Знание-сила, 1997 № 03 (837)
Шрифт:
Ведущей темой газет стала шпиономания, почти в каждом номере сообщалось о раскрытии шпионских организации то в Польше, то в Югославии, то еще где-то... Ужасающие, леденящие душу подробности. Не отставало и кино. Чуть ли не как отклик на шпионские страсти появился хрестоматийный для советского приключенческого жанра «Подвиг разведчика». Актер Павел Кадочников, сыгравший главную роль в фильме и до того снявшийся из серьезных работ в «Иване Грозном» С. Эйзенштейна, быстро стал знаменитостью и готовился уже к новой роли в экранизации «Повести о настоящем человеке» Б. Полевого, которая «по правильности» шла тогда на втором месте следом за «Молодой гвардией» А. Фадеева. Фильм по «Молодой гвардии» снимал режиссер С. Герасимов. Литературным событием года было присуждение Сталинской премии будущему диссиденту
Невероятно популярным был, конечно, спорт. Футбольные матчи между «ЦДКА» и «Динамо» собирали полный стадион. Массовые выступления физкультурников на «Динамо» стали 7 сентября составной частью праздника.

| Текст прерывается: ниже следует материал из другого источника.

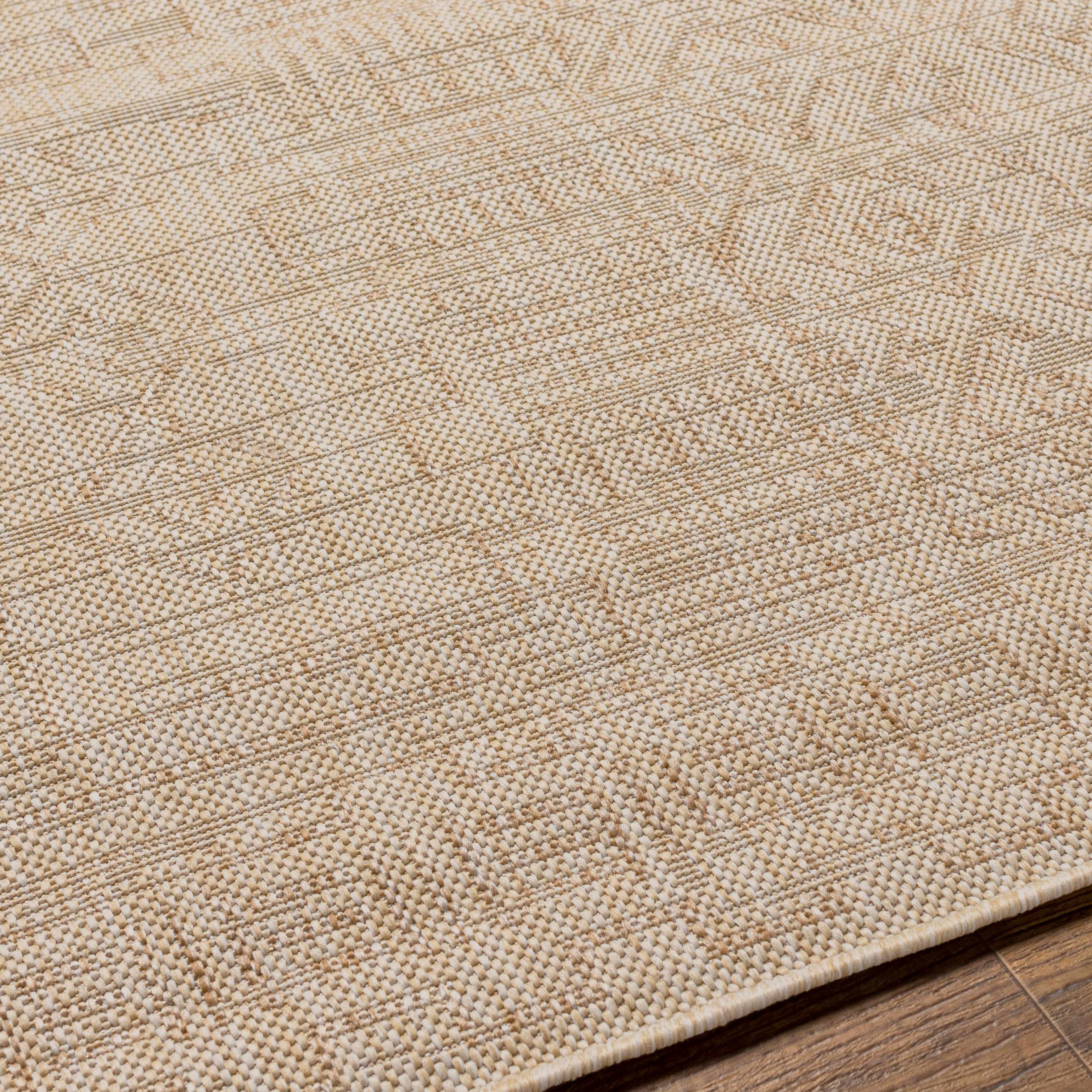 Epson Beige Indoor &amp; Outdoor Rug - Clearance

Что же лежало в основе его драматургии? Явно подчеркнутый историзм, сценичность, массовость, помпезность и устремленность в будущее. И, конечно, отпечаток культа личности Сталина, как и на всем в те годы. Главной фигурой праздника стал Юрий Долгорукий, фактически последний великий киевский князь, после него приоритет русских земель переходит к Владимиро-Суздальскому княжеству. Возвышению Москвы способствовало не только удобное положение на торговых путях, но и защита в лесах засечной полосы (это стало историческим открытием той поры)... Для полноты картины не упоминали только, что Долгорукий — варяг, полуангличанин. Цель возвеличивания — доказать и обосновать историзм советского государства. Спустя несколько лет перед Моссоветом и поднялся памятник работы скульптора, лауреата Государственной премии Сергея Орлова. Мощным движением руки князь останавливает коня, жестом указывает; здесь быть граду! Кстати, место, где вознесся князь, привычно для памятников. При царях здесь стоял генерал Скобелев, герой русско-турецкой войны. После Октября здесь воздвигли монумент «Свобода»: голова женщины в санкюлотском колпаке перед обелиском. Монумент чуть было не стал эмблемой столицы, такой трафарет уже начали лепить на борта ведомственного автотранспорта, но власть предержащие рассудили, что символ этот — слегка не для большевиков, и «Свободу» свинтили с постамента. Юрий Долгорукий почему-то не очень пришелся по сердцу москвичам: «спящий князь на спящем коне», но очень понравился детям, которым милы воинственные забавы. Видимо, образ богатыря навеял скульптору еще довоенный фильм «Александр Невский» С. Эйзенштейна с его магическим обаянием.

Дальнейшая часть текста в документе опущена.